Sunday, January 13, 2008

Oscar Wilde on Organised Religion

Even though I had finished my last book a couple of days ago, I only just started reading "The Picture of Dorian Gray" in earnest (to pardon the pun). Having read through quite a few of the classics over the last twelve months or so, it has been quite interesting to see the different defining qualities of each of the writer's I have read. While Dostoevsky provides a compelling insight into the psyches of his character, Hugo allows his transcendent use of language to bring the reader into the moment. Wilde, on the other hand has a very acerbic sense of humour about him. If his writing wasn't so witty, I would have found the constant sarcasm fairly ingratiating, but instead I am left with a dry smile. While I don't *always* believe that this sentiment is true (although often it is), I found the following passage particularly amusing:

But beauty, real beauty, ends where intellectual expression begins. Intellect is in itself a mode of exaggeration, and destroys the harmony of any face.
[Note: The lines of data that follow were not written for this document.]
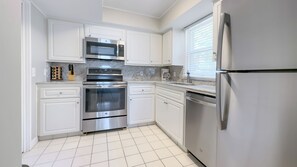 Villa, 1 King Bed, Kitchen (955 Cutter Court) | Private kitchen | Fridge, microwave, oven, stovetop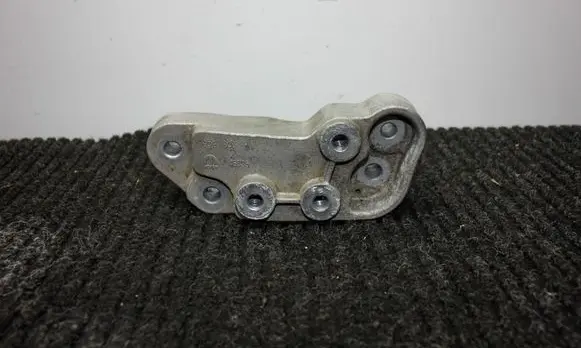 Jeep Compass Gearbox mounting bracket 68253043AB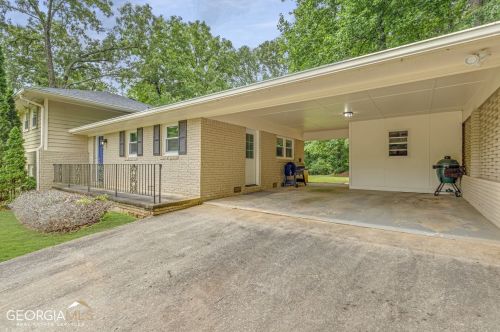6896 Lockridge Dr, Atlanta GA  30360-1515 exterior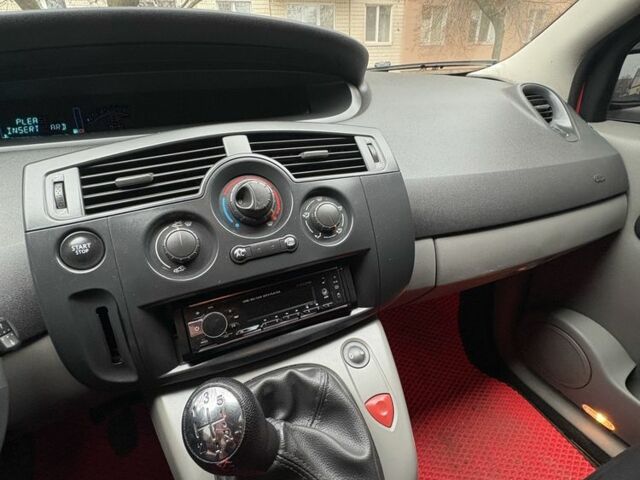 Красный Рено Другая, объемом двигателя 1.6 л и пробегом 130 тыс. км за 3700 $, фото 3 на Automoto.ua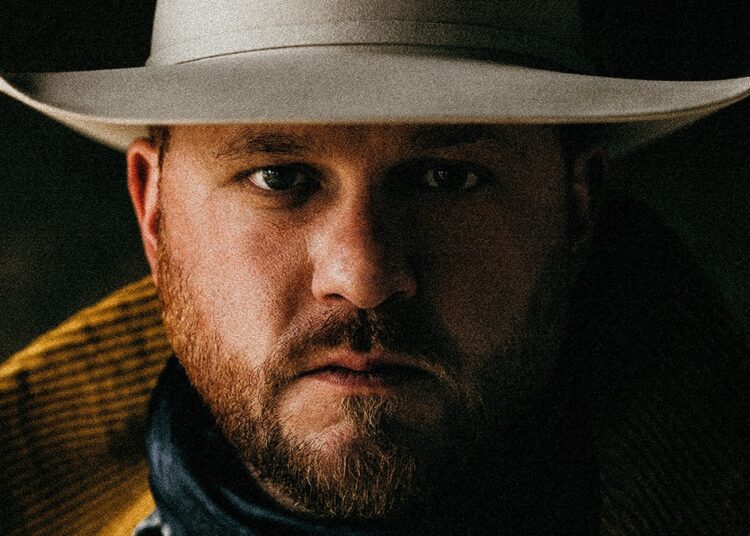 Cody Johnson lança cover de Merle Haggard, 'Footlights'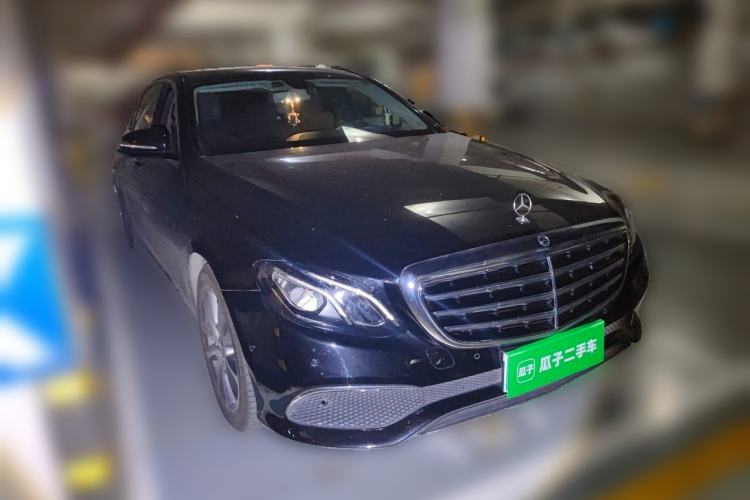 Used Mercedes-Benz E-Class 2019 E 200 L Front Right 45 Deg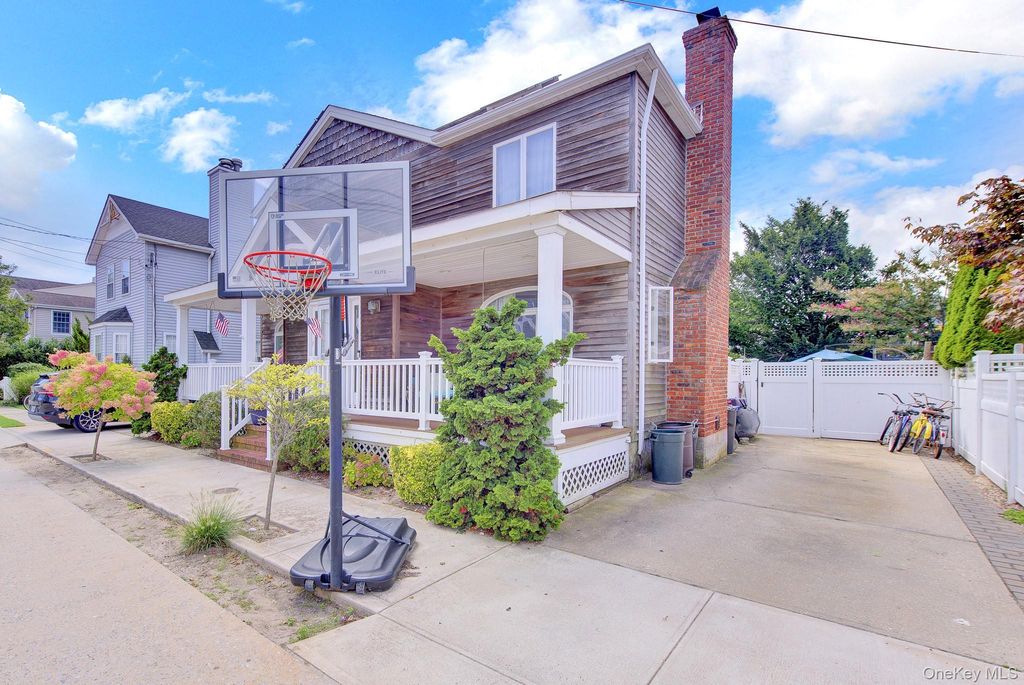 63 Cedarhurst Avenue, Point Lookout, NY 11569 — photo 3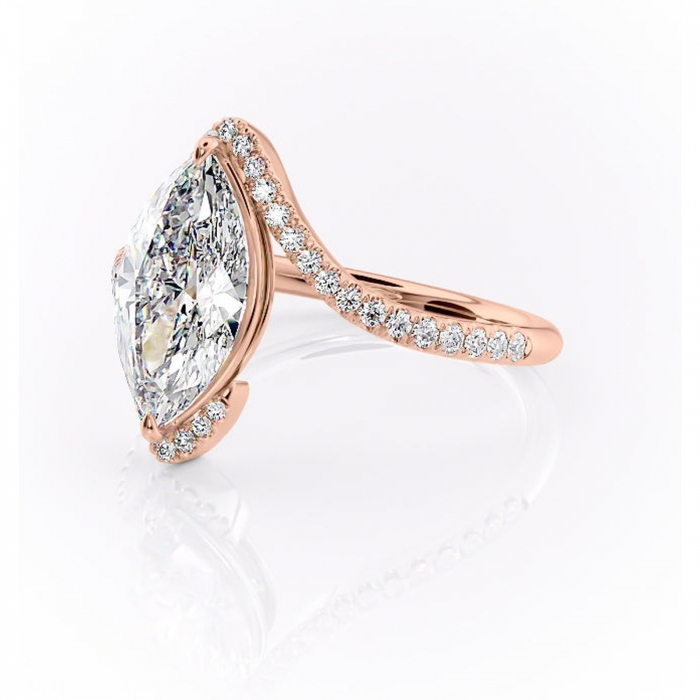 Inel de logodnă Sienna din aur Rose 18kt cu moissanite tăietură marquise – Montură pavé rafinată pentru profil mediu | Personalizează și configurează gratuit online [7]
The moment one sits down to think, one becomes all nose, or all forehead, or something horrid. Look at the successful men in any of the learned professions. How perfectly hideous they are! Except of course, in the Church. But then in the Church they don't think. A bishop keeps on saying at the age of eighty what he was told to say when he was a boy of eighteen, and as a natural consequence he always looks absolutely delightful.


I guess that makes me think about the way that we look at the subject of change. Even early in the novel the physically attractive Dorian Gray fears change because he is aware that as time passes by his looks will deteriorate. In like manner the bishop seems to fear change because it will mean the loss of what he wants to believe is perfect. It does not seem to occur to him that it is through change that he might be able to draw nearer to the Perfect. It seems to me that this is like the attitude of many Christians today who guard their understanding of the truth on the basis that God does not change. Yet even if this is true, it can certainly be said that humans change and that God is the driving force behind this change. Indeed for Victor Hugo, God, the changeless agent is the agent of change in the world, both individually and institutionally.